Lonergan Reading Group
Each year, the Lonergan Centre hosts a reading group that discusses various topics inspired by the writings of Bernard Lonergan. We place Lonergan's thought in dialogue with contemporary issues in various academic fields (including theology, philosophy, conflict, economics, and business) and create a forum for professors and students to participate in lively exchanges outside the formal boundaries of the classroom.
2012/2013 Topics: Book: Transforming Light (Fall) and Masters Research Projects (Winter)
- Facilitators and their Topics:
Amy Pauley (Transforming Light); Elisabeth J. Nicholson ( Religious Conversion); Tom McAuley (The Common Good ); Susan Gray ( Social Structures in Decline and Fear/Bias)
- Dates in 2013: 18 January; 1 and 15 February; 1 and 15 March; 5 and 19 April.
- Time: 12:00 p.m. – 1:30 p.m.
- Room: 50 (Guigues Hall)
2010–2011 Topic: The Aesthetic and Intellectual Patterns of Experience
- Facilitator: Dr.

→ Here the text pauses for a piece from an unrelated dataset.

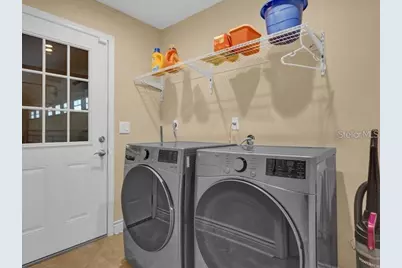 126 SE 41st Avenue, Ocala, FL 34471 - Photo 8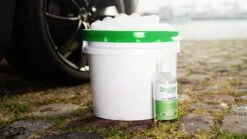 2befair Auto Shampoo Für Alle Tesla Fahrzeuge -Shop4tesla Store 2befair auto shampoo fur alle tesla fahrzeuge 235762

James Pambrun (Saint Paul University, Faculty of Theology)
Lonergan’s remarks on the nature of human consciousness as polymorphic are both intriguing and suggestive. He suggests that the key to developing an adequate contemporary philosophy is to wrestle with the fact that different patterns of experience orient our thinking and doing. In Insight, Lonergan identifies six patterns of experience: biological, aesthetic, dramatic, practical, intellectual, and mystical. This year’s Lonergan Reading Group focused on one of these patterns: the aesthetic. Our interest was in how different patterns of experience give rise to different methods and approaches in theology, and we examined the works of Karl Rahner and Hans Urs von Balthasar as examples. We also discussed what is involved in aesthetic experience, how the cognitional operations unfold in distinctive ways in this pattern, and what might be involved in judgments of artistic value.
2009–2010 Topic: Doctrinal Pluralism and Development
- Facilitator: Dr. Catherine Clifford (Saint Paul University, Faculty of Theology)
Drawing on Dr. Clifford’s work on ecumenical dialogue, we posed questions on how Lonergan’s work could help understand how different expressions of churches can be rooted in a common Christian faith. A guiding question was how to recognize authentic doctrinal development. We discussed a draft essay prepared by Dr. Clifford, "Ecumenical Dialogue and the Development of Doctrine." Our discussions were guided by Lonergan’s essay "Doctrinal Pluralism," from Collected Works of Bernard Lonergan: Volume 17, Philosophical and Theological Papers 1965–1980 (2004).